THE RECORDS:
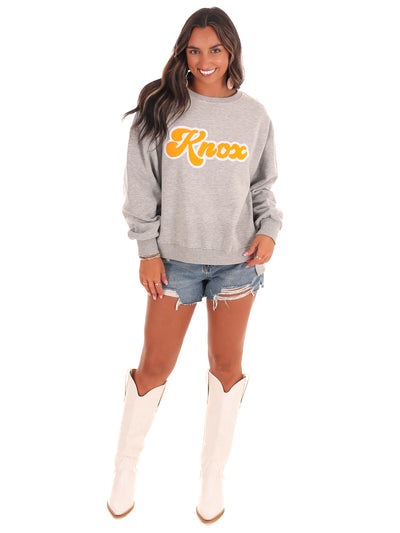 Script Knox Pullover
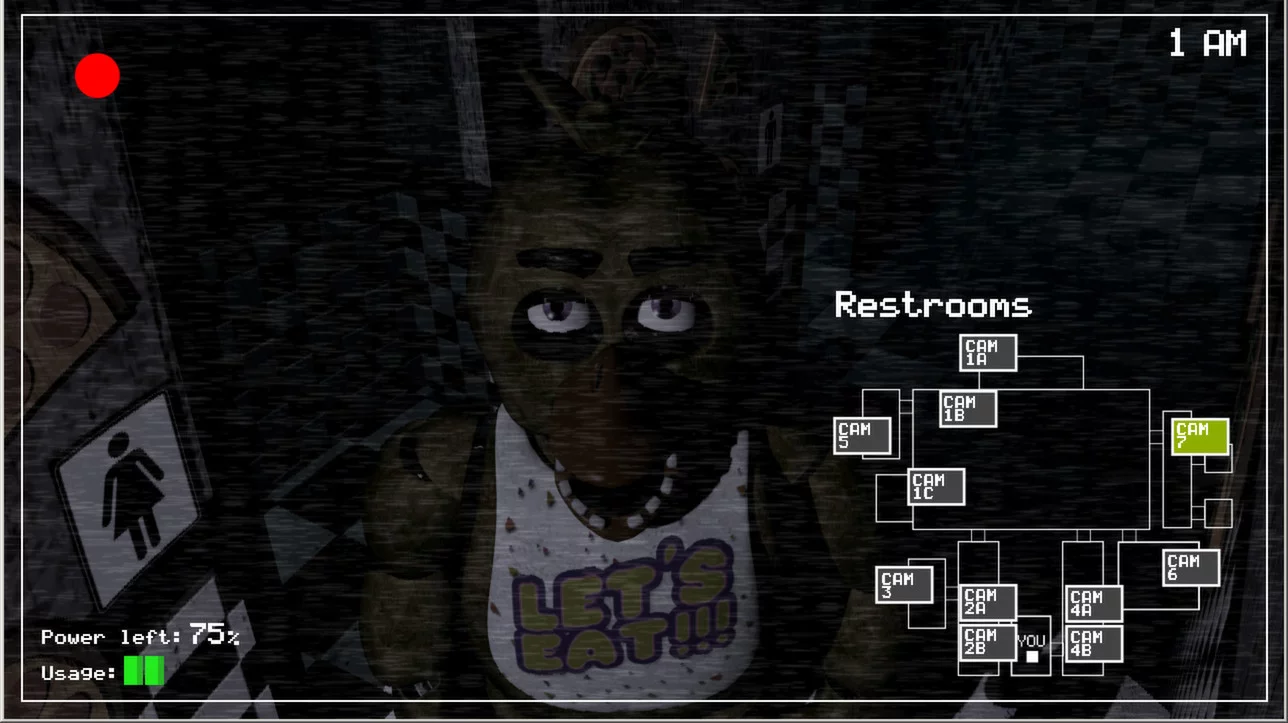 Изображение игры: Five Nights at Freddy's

==

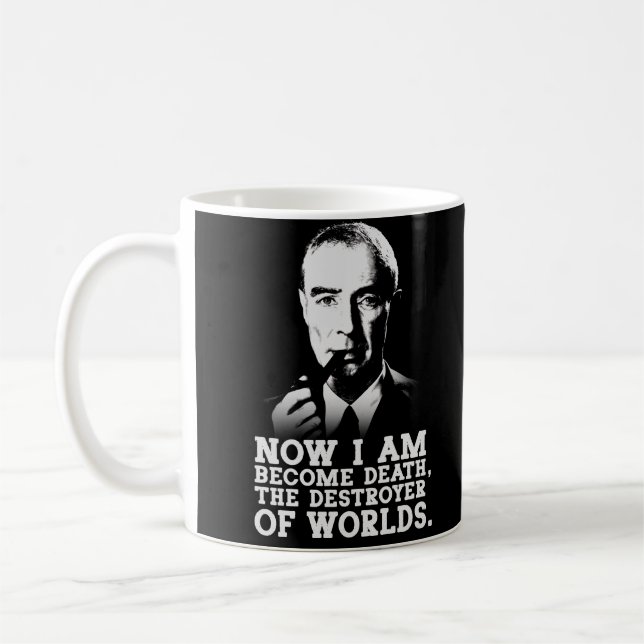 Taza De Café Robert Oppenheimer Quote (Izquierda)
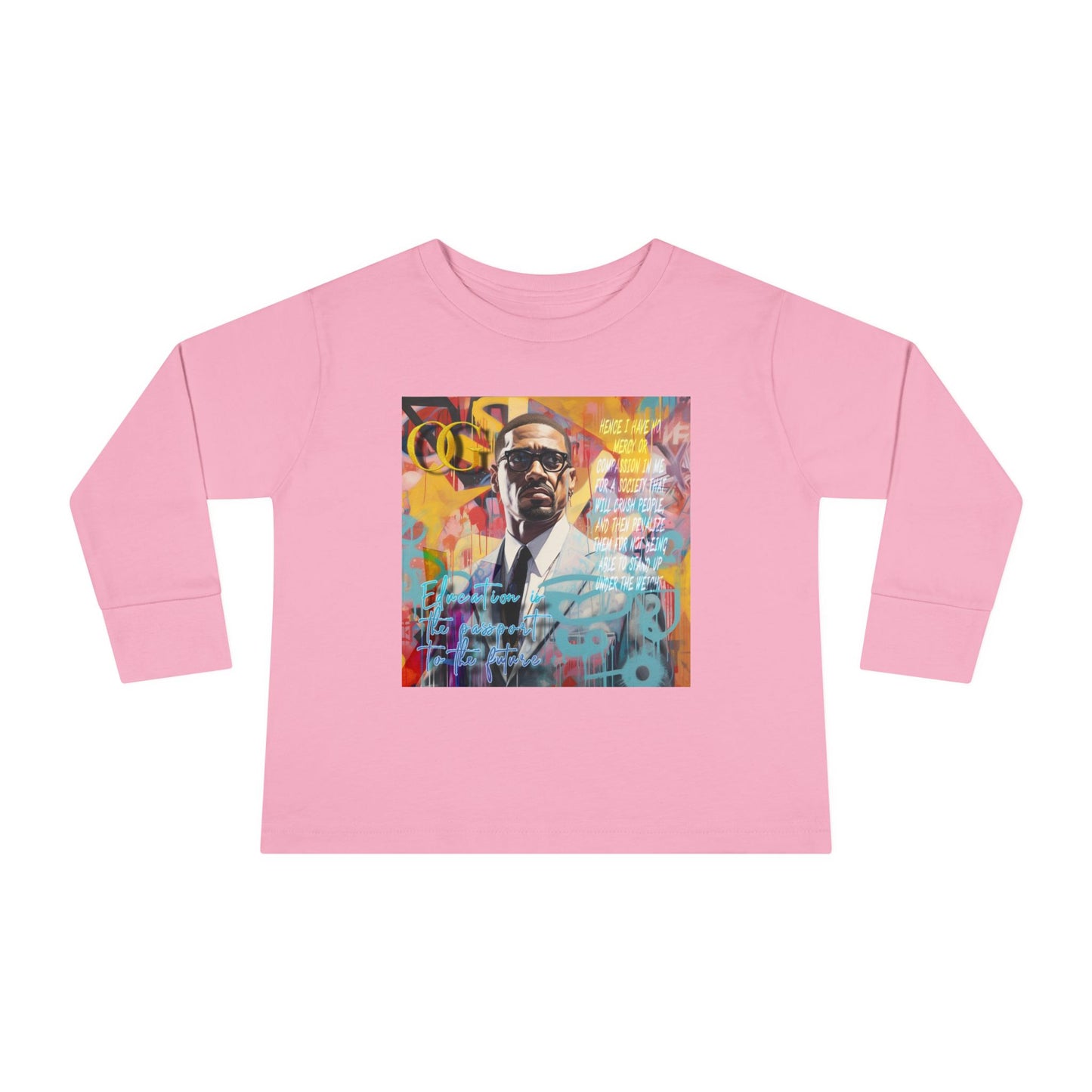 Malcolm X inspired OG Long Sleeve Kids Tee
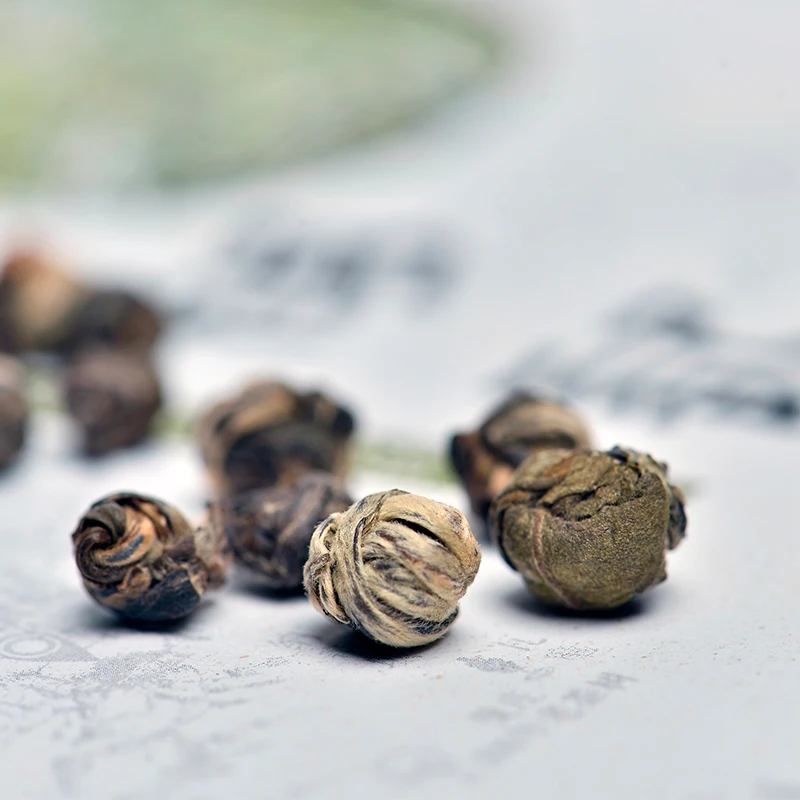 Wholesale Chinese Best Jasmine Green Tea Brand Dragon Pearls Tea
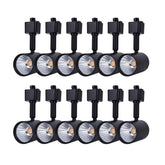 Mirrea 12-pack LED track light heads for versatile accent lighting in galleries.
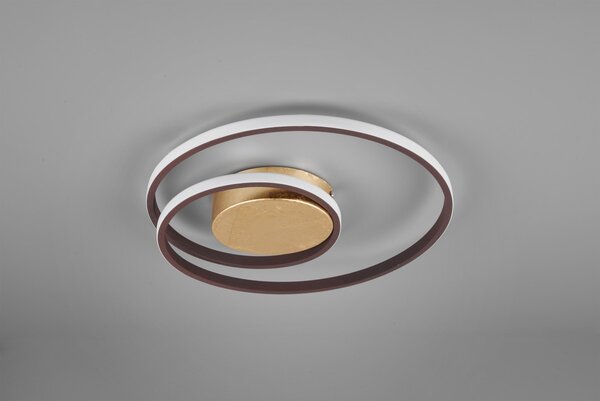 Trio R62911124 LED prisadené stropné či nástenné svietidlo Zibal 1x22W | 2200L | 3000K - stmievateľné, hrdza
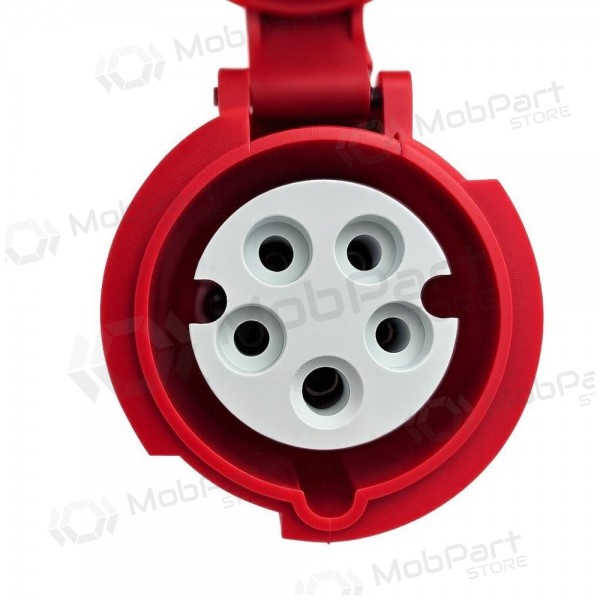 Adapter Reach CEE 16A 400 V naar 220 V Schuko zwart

==

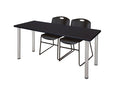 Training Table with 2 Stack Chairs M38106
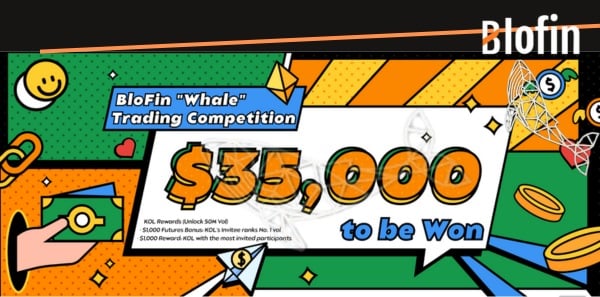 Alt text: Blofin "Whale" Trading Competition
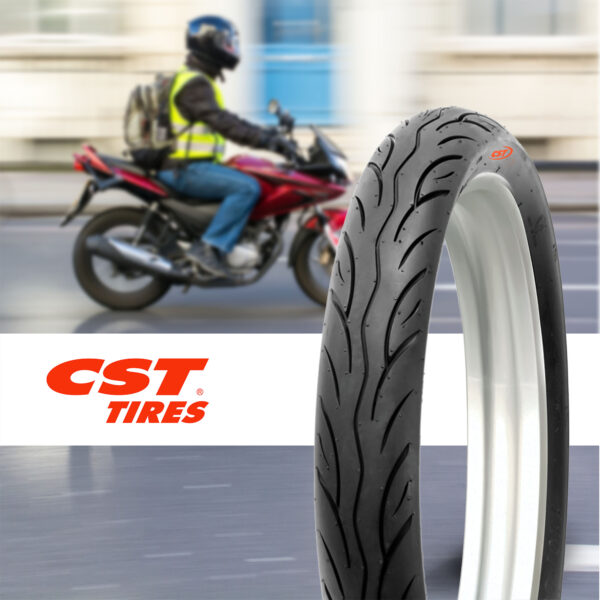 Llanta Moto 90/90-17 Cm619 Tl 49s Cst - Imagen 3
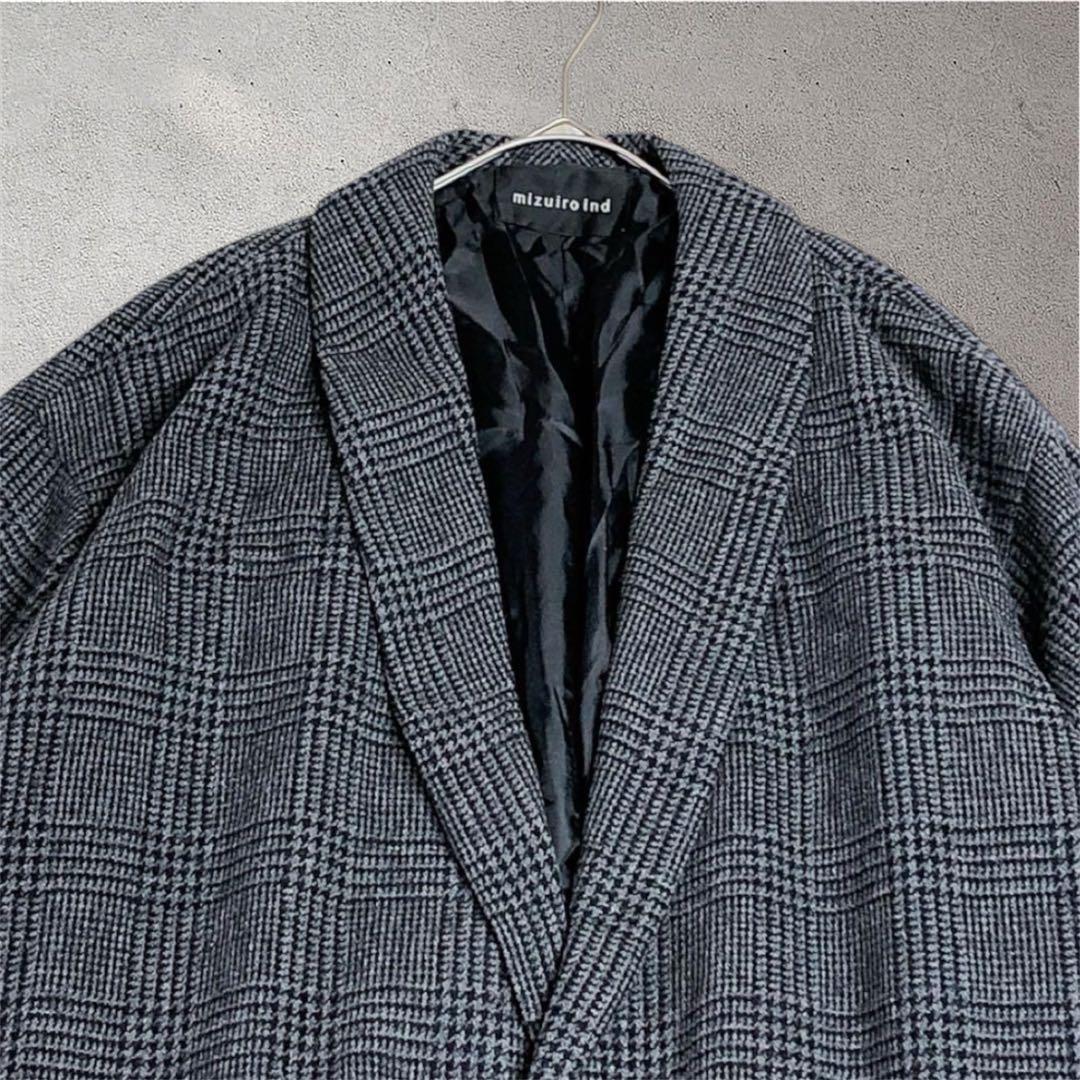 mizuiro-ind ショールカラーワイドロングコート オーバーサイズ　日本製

WHAT YOU ARE ASKED TO DO: Within the material above, only the stretch from the line holding "Alt text: Blofin" through the line holding "mizuiro-ind ショールカラーワイドロングコート オーバーサイズ　日本製" is to be restated exactly. Pictures are dropped.

COMPLETED TASK:
 Alt text: Blofin "Whale" Trading Competition
 Llanta Moto 90/90-17 Cm619 Tl 49s Cst - Imagen 3
 mizuiro-ind ショールカラーワイドロングコート オーバーサイズ　日本製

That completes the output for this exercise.